The UBB code is a variant of HTML (an application under the standard Universal Markup Language) and is a special tag used by Ultimate Bulletin Board (a BBS program abroad). You may already be familiar with it. UBB code is very simple, the function is very few, but because of its tag syntax check implementation is very easy, so many websites introduced this code, in order to facilitate users to use the display image/link/bold font and other common features.

For example, emoji's sun symbol, his Unicode emoji encoded as u+2600, when stored in the database, you can convert it to UBB code [Emoji]2600[/emoji] Save, read, can be converted back. Of course, for different devices, such as andriod, we can escape the emoji symbol that andriod can handle.

This transfer can be a good solution for iOS and andriod display emoji problems, but there are still a few problems.

1:andriod and iOS emoji are not the same, the same encoding may be on iOS is the sun, and on the andriod is cloudy, the best way to solve this problem is under iOS and andriod emoji mapping, but also on the web through the JS escape processing.

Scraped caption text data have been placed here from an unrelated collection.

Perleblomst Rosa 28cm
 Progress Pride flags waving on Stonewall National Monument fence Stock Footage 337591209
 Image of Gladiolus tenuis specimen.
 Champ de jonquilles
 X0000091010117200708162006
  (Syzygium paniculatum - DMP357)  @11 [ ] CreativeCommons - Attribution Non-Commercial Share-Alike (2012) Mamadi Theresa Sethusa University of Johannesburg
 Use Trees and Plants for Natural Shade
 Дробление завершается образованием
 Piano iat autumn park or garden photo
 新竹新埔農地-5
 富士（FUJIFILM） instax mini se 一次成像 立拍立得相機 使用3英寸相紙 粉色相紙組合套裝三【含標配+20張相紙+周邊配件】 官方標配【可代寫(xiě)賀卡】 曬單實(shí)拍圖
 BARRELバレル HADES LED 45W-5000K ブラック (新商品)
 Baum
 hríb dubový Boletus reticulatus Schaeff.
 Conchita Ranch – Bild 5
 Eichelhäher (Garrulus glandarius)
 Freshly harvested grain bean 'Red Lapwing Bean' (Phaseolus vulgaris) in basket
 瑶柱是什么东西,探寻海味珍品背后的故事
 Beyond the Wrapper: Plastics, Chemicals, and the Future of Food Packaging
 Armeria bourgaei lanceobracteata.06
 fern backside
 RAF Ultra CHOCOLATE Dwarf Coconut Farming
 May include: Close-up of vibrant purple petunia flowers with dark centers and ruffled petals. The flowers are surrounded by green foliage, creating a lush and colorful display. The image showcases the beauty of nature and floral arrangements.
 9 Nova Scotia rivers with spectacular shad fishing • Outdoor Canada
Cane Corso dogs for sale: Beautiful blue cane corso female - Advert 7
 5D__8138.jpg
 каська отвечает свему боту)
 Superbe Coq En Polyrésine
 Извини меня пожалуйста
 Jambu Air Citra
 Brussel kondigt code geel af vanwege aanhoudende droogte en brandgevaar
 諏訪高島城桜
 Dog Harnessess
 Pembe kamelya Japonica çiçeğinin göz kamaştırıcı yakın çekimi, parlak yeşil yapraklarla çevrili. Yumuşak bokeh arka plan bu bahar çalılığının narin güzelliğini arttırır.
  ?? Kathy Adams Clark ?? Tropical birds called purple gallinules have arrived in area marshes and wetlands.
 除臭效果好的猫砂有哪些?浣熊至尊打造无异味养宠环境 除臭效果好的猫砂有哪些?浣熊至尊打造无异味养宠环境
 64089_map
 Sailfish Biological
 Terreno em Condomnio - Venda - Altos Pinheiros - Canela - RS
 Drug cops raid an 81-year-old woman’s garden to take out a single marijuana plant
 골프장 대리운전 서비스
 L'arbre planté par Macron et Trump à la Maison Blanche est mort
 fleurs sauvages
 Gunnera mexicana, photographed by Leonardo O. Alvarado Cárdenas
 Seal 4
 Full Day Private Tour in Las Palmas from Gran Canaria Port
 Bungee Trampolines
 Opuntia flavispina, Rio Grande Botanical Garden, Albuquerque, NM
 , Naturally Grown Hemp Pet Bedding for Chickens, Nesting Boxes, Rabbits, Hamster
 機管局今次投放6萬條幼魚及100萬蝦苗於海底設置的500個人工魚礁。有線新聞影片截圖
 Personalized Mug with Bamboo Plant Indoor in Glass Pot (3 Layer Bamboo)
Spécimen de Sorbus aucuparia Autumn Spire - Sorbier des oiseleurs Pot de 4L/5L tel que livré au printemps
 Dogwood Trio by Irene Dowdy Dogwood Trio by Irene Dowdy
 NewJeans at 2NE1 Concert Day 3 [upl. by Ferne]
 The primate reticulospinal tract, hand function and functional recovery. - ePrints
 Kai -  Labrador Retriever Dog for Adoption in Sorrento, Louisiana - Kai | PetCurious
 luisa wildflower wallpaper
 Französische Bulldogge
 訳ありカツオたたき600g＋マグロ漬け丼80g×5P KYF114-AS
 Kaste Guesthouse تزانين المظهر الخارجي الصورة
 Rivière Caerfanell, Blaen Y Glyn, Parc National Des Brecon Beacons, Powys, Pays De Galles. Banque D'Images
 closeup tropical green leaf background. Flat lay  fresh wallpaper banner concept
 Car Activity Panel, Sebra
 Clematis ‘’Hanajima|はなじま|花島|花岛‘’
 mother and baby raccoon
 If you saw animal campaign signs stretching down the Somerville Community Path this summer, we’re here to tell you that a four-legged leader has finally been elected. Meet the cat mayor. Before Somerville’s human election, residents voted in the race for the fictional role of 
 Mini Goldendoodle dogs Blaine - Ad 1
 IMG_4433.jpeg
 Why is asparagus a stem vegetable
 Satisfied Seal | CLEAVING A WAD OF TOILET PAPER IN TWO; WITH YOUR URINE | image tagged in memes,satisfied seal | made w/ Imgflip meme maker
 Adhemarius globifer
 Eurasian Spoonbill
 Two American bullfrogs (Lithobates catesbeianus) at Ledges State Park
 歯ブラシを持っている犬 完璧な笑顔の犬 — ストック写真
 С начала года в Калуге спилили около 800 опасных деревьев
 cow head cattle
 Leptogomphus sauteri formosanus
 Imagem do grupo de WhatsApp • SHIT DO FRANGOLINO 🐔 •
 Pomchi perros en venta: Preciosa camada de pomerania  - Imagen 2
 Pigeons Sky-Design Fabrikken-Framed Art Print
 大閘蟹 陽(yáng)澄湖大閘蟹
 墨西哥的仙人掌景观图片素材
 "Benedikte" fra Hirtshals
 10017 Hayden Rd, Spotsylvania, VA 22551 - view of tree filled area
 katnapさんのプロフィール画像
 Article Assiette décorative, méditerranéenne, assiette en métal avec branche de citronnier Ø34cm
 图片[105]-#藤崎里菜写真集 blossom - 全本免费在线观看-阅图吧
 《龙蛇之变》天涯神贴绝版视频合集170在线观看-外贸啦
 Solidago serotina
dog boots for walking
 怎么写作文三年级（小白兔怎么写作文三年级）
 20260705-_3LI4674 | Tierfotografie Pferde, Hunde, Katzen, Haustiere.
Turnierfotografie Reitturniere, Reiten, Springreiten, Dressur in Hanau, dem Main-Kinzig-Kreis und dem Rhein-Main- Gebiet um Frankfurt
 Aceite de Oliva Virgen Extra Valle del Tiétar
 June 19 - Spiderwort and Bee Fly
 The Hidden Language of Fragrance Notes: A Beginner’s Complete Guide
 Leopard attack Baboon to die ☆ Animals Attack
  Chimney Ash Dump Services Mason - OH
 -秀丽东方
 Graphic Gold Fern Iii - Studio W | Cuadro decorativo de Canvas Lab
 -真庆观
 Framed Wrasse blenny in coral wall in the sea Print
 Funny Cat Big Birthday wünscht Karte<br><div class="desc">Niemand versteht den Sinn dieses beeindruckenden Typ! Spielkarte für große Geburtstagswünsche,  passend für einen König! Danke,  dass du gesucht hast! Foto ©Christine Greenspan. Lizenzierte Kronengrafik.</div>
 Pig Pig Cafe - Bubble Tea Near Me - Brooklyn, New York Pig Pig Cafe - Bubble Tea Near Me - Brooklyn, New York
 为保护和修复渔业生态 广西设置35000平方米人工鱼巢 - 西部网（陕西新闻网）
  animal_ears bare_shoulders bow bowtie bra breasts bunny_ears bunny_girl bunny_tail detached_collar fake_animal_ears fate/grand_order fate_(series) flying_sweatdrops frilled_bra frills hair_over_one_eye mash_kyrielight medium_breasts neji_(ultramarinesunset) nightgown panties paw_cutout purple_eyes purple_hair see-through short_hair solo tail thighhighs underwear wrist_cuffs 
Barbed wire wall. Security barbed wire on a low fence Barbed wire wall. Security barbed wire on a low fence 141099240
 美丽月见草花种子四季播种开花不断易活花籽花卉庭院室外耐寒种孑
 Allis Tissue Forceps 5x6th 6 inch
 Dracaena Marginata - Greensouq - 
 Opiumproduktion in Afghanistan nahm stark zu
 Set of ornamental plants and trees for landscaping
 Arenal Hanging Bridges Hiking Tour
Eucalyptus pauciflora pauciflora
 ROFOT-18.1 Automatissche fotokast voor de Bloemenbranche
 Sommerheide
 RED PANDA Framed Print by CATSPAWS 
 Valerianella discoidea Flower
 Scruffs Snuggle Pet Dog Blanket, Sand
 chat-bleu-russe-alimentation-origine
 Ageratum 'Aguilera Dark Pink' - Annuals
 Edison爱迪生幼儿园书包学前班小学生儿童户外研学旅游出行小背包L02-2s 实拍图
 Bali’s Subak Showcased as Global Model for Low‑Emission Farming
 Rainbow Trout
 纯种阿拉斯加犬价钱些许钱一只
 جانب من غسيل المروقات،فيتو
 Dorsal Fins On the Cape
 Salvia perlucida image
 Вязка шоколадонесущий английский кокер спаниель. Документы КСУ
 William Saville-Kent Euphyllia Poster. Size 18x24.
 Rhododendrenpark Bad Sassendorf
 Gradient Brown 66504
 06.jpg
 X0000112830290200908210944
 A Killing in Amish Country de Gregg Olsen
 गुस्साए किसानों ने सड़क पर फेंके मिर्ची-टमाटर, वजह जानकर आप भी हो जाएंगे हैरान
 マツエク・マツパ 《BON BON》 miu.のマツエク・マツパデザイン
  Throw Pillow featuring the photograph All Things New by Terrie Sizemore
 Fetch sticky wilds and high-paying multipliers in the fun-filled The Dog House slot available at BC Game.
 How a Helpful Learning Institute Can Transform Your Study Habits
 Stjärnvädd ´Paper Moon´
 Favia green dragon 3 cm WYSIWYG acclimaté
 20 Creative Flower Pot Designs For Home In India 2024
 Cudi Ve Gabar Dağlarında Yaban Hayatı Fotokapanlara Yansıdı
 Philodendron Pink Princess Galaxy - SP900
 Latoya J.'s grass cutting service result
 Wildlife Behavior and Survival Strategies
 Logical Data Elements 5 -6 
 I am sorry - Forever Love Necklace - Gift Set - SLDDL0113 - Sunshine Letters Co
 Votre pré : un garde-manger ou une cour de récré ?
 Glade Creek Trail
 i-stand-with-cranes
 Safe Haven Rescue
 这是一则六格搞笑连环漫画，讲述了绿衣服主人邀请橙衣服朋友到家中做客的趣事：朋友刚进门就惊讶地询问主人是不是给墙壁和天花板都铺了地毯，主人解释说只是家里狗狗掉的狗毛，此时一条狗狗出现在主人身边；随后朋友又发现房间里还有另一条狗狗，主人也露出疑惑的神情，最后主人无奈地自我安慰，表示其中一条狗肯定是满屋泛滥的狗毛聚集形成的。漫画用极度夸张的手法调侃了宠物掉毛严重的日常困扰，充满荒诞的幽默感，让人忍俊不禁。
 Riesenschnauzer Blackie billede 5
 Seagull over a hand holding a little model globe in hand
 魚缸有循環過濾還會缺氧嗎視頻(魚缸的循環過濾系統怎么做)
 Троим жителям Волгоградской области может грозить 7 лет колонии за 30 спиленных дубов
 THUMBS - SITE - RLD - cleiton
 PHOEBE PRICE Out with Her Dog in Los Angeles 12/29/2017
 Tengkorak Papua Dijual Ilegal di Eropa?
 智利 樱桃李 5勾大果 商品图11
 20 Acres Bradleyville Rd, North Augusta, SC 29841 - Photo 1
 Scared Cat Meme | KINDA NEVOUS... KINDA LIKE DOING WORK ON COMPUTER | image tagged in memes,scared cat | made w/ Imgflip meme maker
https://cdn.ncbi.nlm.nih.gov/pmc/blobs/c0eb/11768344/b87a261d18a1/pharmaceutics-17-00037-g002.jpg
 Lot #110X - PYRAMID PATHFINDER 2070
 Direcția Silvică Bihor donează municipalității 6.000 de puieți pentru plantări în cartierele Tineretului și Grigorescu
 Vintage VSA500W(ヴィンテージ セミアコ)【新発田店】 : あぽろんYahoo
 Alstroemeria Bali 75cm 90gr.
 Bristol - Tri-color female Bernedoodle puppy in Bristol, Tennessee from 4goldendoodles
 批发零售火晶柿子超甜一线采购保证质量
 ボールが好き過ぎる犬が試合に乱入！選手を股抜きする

2: Performance, handled in an escaped manner, performance will certainly be reduced, but can be tolerated.

The UBB corresponds to HTML escape, which, in fact, is somewhat similar to UBB, using the HTML escape character & #x2600; The results are about the same as the performance and Ubb, which, by way of normalization, UBB better.


Resources

Php-emoji conversion table:http://code.iamcal.com/php/emoji/

Unicode Emoji Symbols: http://www.unicode.org/~scherer/emoji4unicode/20091221/utc.html

Emoji icon and Unicode correspondence relationship:http://www.easyapns.com/iphone-emoji-alerts

Filter user input non-BMP characters (our factory):http://www.atatech.org/articles/15677

Unicode USC-2 (BMP) characters outside the Hurt and pain (my factory):http://www.atatech.org/articles/13587

Emoji character compatibility processing (our factory): http://www.atatech.org/articles/27568

Talk about Unicode encoding, briefly explaining UCS, UTF, BMP, BOM and other nouns:http://www.fmddlmyy.cn/text6.html

Emoji Online conversion tool:http://unicodey.com/js-emoji/demo.htm

Emoji emoticons for communication between iOS and PHP and MySQL storage: http://blog.csdn.net/wildfireli/article/details/9370161

The difference between proofreading set utf8_unicode_ci and utf8_general_ci in MySQL: HTTP://HI.BAIDU.COM/PHPKOO/ITEM/38238BD8505899E955347FCA,http ://stackoverflow.com/questions/766809/whats-the-difference-between-utf8-general-ci-and-utf8-unicode-ci

The difference between MySQL collation Utf8_unicode_ci and utf8_general_ci:http://justdo2008.iteye.com/blog/2162842

Unicode Character Sets:http://dev.mysql.com/doc/refman/5.0/en/charset-unicode-sets.html

MySQL Settings utf8mb4 code:http://www.linuxidc.com/Linux/2014-07/104231.htm

Andriod support emoji Solution:http://blog.csdn.net/waylife/article/details/11095113

Supporting New Emojis on IOS 6:http://blog.manbolo.com/2012/10/29/supporting-new-emojis-on-ios-6

Let MySQL support emoji emoticons (4 bytes UTF8 character save method in MySQL):http://www.w2bc.com/Article/8533

How to handle 4-byte Unicode characters such as emoji: http://zhidao.baidu.com/link?url=z6PW1ya6plRBgFN7M2zdVLXUnmxYcH2_ Vyk8nw9yi9-kh2estgmjomw1lssmsa853wyhsrtulkjn2okq0a3taudqhiime7b0vs-fegmnyuu

Emoji treatment mode large starting bottom

Contact Us

The content source of this page is from Internet, which doesn't represent Alibaba Cloud's opinion; products and services mentioned on that page don't have any relationship with Alibaba Cloud. If the content of the page makes you feel confusing, please write us an email, we will handle the problem within 5 days after receiving your email.

If you find any instances of plagiarism from the community, please send an email to: info-contact@alibabacloud.com and provide relevant evidence. A staff member will contact you within 5 working days.

A Free Trial That Lets You Build Big!

Start building with 50+ products and up to 12 months usage for Elastic Compute Service

  • Sales Support

    1 on 1 presale consultation

  • After-Sales Support

    24/7 Technical Support 6 Free Tickets per Quarter Faster Response

  • Alibaba Cloud offers highly flexible support services tailored to meet your exact needs.